With the Virgin Islands-friendly Clinton administration on its way out, the Bush administration is setting the groundwork for a new regime in the Interior Department, and the impact of that on the territory is unclear.
V.I. Delegate to Congress Donna Christian Christensen and other territorial delegates met with the Bush-Cheney transition leader for Interior, Thomas Sansonetti, via conference call Friday morning. Among the topics discussed was keeping the White House Interagency Group on Insular Affairs intact, Christensen said.
In 1999, Clinton acknowledged that the Virgin Islands, Guam, the Commonwealth of the Northern Mariana Islands and American Samoa have unequal representation in the federal process compared to states, so he created the IGIA.
The IGIA has the responsibility for the coordination, formation and interpretation of federal policies affecting the territories, with direct input from the insular areas. Whether that effort will continue under Bush is unknown, Christensen said.
Along with the IGIA issue, Christensen said that assistance with economic development is key if the Virgin Islands is to dig itself out of its economic hole.
"It was really a substantive meeting about how to structure the administration in regard to the territories," Christensen said, adding that Sansonetti suggested that the incoming administration elevate the governance of territorial affairs to the level of an assistant secretary.
Christensen said Sansonetti promised to try to arrange a meeting as soon as possible with Vice President-elect Dick Cheney and Bushs Interior secretary nominee, Gale Norton.
Norton, however, faces a tough nomination process in Congress as the person who would oversee more than 500 million acres of federal land, including the National Park Service, protecting endangered species and managing the insular areas.
Norton was a political appointee in the Reagan administration at the Agriculture Department, then as associate solicitor at Interior where she was a protege of Reagans controversial Interior secretary, James Watt. Nortons last public sector position was as the attorney general of Colorado from 1991 to 1999.
Most environmentalists blanch at the idea of Norton, 46, taking the helm of Interior. For one, she supports Bushs position of opening part of the Arctic National Wildlife Refuge in Alaska to oil drilling. In 1998 she formed the Council of Republicans for Environmental Advocacy, which is supported by mining and chemical manufacturing interests. She also worked as an attorney for the conservative Mountain States Legal Foundation, which Watt founded. The foundation has fought several of Interior Secretary Bruce Babbitts land management policies over the past eight years.

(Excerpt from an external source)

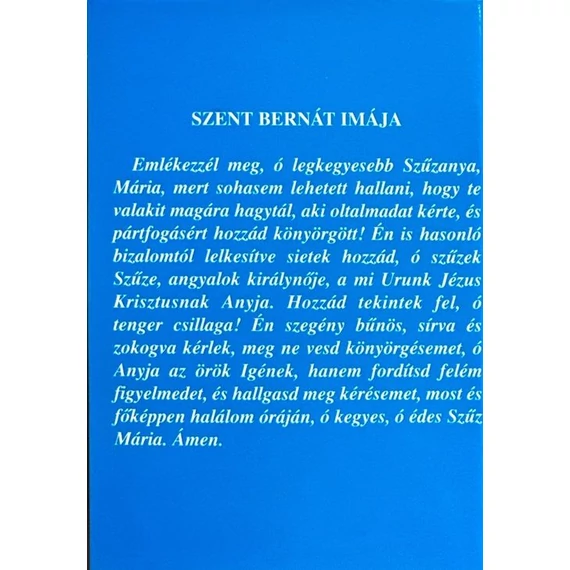 Rózsakoszorú Máriának imafüzet (Ker.)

Norton has recently been criticized for comments she made in 1996 saying the South lost too much in the Civil War. Supporters, however, contend she was speaking in the context of states' rights, which jibes with the Republican view on land-use issues, particularly resource extraction on public lands, a stand being made on the local level.

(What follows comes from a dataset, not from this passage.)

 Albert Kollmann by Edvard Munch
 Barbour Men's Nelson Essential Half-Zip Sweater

Democrat Christensen said her impression is that Norton has strong support from Cheney. But because of the territorys relationship with Interior, Christensen was wary of blasting the nominee.

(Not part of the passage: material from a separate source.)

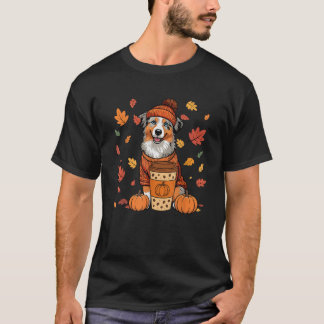 オーストラリア人がセーターを着てコーヒー感謝祭の秋 Tシャツ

"Its always very difficult as a territory to decide how strongly to begin fighting against somebody. Its going to be a tough fight," Christensen said. "This and the (attorney general nominee John) Ashcroft nomination are the toughies. Theyre not going to give it up easily. If its not Norton, its going to be someone similar."
Joel Tutein, superintendent of the National Park Service units on St. Croix, which are under the umbrella of Interior, said that outgoing Secretary Babbitt was very involved with the Virgin Islands parks. Babbitt visited the territory three times, which Tutein said ultimately translated into more recognition and funding. As far as Norton goes, Tutein said he will take a wait-and-see attitude.
"Babbitt made us feel very much part of the larger national park system," he said. "Wed like to see a continuance of that inclusion."
St. Croix, however, does have a connection with Republican presidential administrations. In 1992, former President George Bush, the president-elects father, signed legislation that created the Salt River Bay National Historic Park and Reserve.
"I believe there will be a connection with the park unit down here because the father brought in the park and the son will now have an opportunity to expand on it," Tutein said.